The transformer’s self-attention and cross-attention mechanisms compute an output \(\boldsymbol{o}_i \in \mathbb {R}^{d}\) for each query input \(\boldsymbol{q}_i\) by comparing them with the other query tokens, and with the image features \(\boldsymbol{f}^\text {1D}\), respectively. Formally,

$$\begin{aligned} \boldsymbol{o}^{\boldsymbol{t}} = [\boldsymbol{o}_0, ..., \boldsymbol{o}_{t-1}] = \text {decoder}(\boldsymbol{q}^{\boldsymbol{t}}, \boldsymbol{f}^\text {1D}), \end{aligned}$$
(2)

where the decoder corresponds to a stack of 8 standard transformer decoder layers [29]. This process being autoregressive, the query at position i can only attend to positions from 0 to i. In addition, the intermediate computations are preserved for each layer from one iteration to another in order to avoid computing the same output multiple times.

A score \(\boldsymbol{s}^t_i\) is computed for each token i of the alphabet \(\mathcal {A}\) using a single densely-connected layer of weights \(\boldsymbol{W}_p\) (\(\boldsymbol{s}^t \in \mathbb {R}^{|\mathcal {A}|}\)):

$$\begin{aligned} \boldsymbol{s}^t = \boldsymbol{W}_p \cdot \boldsymbol{o}_{t-1}. \end{aligned}$$
(3)

Probabilities are obtained through softmax activation: \(\boldsymbol{p}^t_i = \frac{\exp {\boldsymbol{s}^t_i}}{\sum _j \exp {\boldsymbol{s}^t_j}}\). The predicted token at iteration t is the one whose probability is maximum:

$$\begin{aligned} \hat{\boldsymbol{y}}_t=\text {arg}\max (\boldsymbol{p}^t). \end{aligned}$$
(4)

The model is trained in an end-to-end fashion using the cross-entropy loss over the sequence of tokens:

$$\begin{aligned} \mathcal {L}_\text {DAN} = \sum _{t=1}^{N+1} \mathcal {L}_\text {CE}(\boldsymbol{y}_t, \boldsymbol{p}^t). \end{aligned}$$
(5)

This autoregressive process can be parallelized during training through teacher forcing, but this is not possible during inference. That is why we propose the Faster DAN strategy.

4 Faster DAN

The standard character-level attention-based approach for HTR is to sequentially recognize all the characters \(\boldsymbol{y}_i\) of the whole input image \(\boldsymbol{X}\). This way the number of iterations, thus the prediction time, grows linearly with the number of characters in the document. This may be negligible for isolated text line images, for which the image feature extraction stage is predominant, but this becomes significant for whole page images (around one second for 100 characters on a GPU V100).

We propose the Faster DAN, a novel approach for Handwritten Document Recognition, to noticeably reduce the prediction time. The goal is to take advantage of the line-based structure of documents to parallelize the recognition of the text lines.

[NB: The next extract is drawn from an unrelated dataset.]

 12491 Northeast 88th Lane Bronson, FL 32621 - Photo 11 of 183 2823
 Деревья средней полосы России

Considering the layout markups and the <eot> tokens as lines by themselves (of unit length), we can rewrite the target sequence as \(\boldsymbol{y}=\text {concatenate}(\boldsymbol{y}^1, ..., \boldsymbol{y}^L)\) where L is the number of lines in the document and \(\boldsymbol{y}^j \in \mathcal {A}^{n_j}\) represent the different text lines (\(\boldsymbol{y}^{j}_i\) is the character i of line j).

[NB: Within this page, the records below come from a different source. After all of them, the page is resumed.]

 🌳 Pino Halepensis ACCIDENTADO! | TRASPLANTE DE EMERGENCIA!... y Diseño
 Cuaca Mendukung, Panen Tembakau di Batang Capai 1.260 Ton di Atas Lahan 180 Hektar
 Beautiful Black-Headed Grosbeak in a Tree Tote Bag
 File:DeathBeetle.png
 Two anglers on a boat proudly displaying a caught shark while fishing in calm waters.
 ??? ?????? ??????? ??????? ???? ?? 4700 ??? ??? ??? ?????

Using one model per line is prohibitive in terms of GPU memory consumption. Instead, the parallelization is carried out among a single model which processes multi-target queries through masking in the second pass. This is feasible thanks to the dedicated document positional encoding scheme we propose. It is important to note that the proposed approach is not specific to the DAN architecture. It could be used with any attention-based HDR model. However, to our knowledge, the only available end-to-end HDR model is the DAN.

Reading Lines in Parallel. Parallelizing the recognition faces two main challenges: detecting all the text lines, and recognizing them in parallel through transformer queries without mixing them. Moreover, since our goal is to perform HDR, and not only HTR, we also need to recognize the layout entities.

Fig. 2.
figure 2

Comparison of the prediction process and positional encoding scheme between DAN and Faster DAN. This illustrates the example of a document input with three one-word text lines. The DAN associates a unique positional value for each token, which continues from one text line to the next. The Faster DAN uses two positional values: the index of the text line and the position of the token in this text line. Special (start and end) tokens are in blue and layouts tokens are in green. (Color figure online)

To tackle these issues, we opted for a two-pass process, as illustrated in Fig. 2b. In a first pass, the model sequentially predicts the layout tokens as well as the first character of each text lines, solving both layout recognition and text line detection. Then, the different text lines are completed in parallel based on their previously predicted first character. To this end, it is crucial to determine which token belongs to which line.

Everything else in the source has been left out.